Counting advantages: How defenders can gain primacy in cybersecurity domain

cybersecurity

The current prevalent notion about cybersecurity is that the attackers hold a high ground and they have a lot of advantages. However, many experts and studies on cybersecurity are now focusing on how the advantages of the offenders can really be transformed into defensive superiority.

Some experts also believe that the offenders cannot generate superiority at all because the cyber terrain, unlike other physical terrains, is changing all the time and in order to gain a real superiority you need it to be static.

The fact that defenders can change the terrain owing to its malleable characteristics means that they can remove networks and do a lot many things, thus translating their ownership into hold and control. Also, defenders are much more familiar with the computer systems and the network than any other person.

Any of these advantages—the ownership of the terrain, the ability to change it (to remove, to stop, or to do anything you want) and the familiarity with the systems—can be used to regain some primacy for defenders. However, this is only a theory and the pertinent question to ask is how to implement it practically in order to convert these advantages into a cyber primacy?
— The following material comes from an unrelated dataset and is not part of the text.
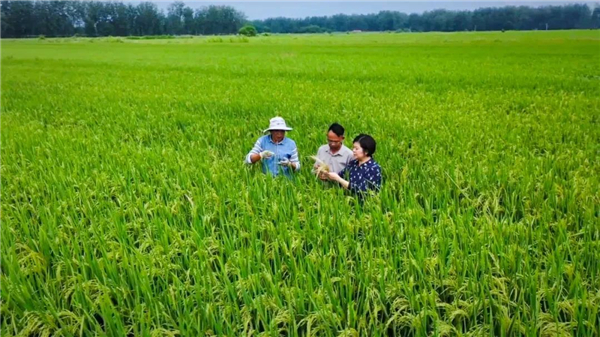 4.14 淮河404.jpg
The answer to this question could be Continuous Terrain Remodeling (CTR). It simply means that everything which could and should be done in order to constantly and continuously change, seize, remodel and reshape everything in your networks. It gives a definite advantage to defenders as the changing communication between networks does not allow the attackers to hold the terrain for a long time. If the communication is changed all the time, an attacker may penetrate and take the information but won’t be able to control it from outside.

Read Also: We are in dire need of skilled cybersecurity professionals

CTR basically comprises two main aspects: technological and process management. The technological aspect includes Memory Technology Device (MTD) concept, which allows defense of moving targets. It allows a defender to move the target all the time so that the offender is not able to get hold of something. However, technologies alone are not enough to achieve the desired goal. It is the process management, the second aspect of CTR, which can decide where to deploy the technology, which technology to use, in which networks, how to control it, and how not to be trivial in preventing these technologies falling into the hands of the offender who may easily be able to identify and control it from outside.

However, before implementing any CTR technologies, we have to deal with the problems of scalability and maintaining enough stability in our systems while using such technologies. We also need to address the issue of how customers can use such technologies on their networks that are changing all the time.

The problem of IT managers is that they pursue the same objective as offenders’, i.e, they want the network to be stable all the time. But there is a need for a paradigm shift to understand that the networks should be changed continuously to gain an advantage over attackers.

There is also the need to understand that the only advantage that the defenders have is the ownership of the terrain and their ability to use CTR in order to gain some primacy. And it should not be ignored at any cost.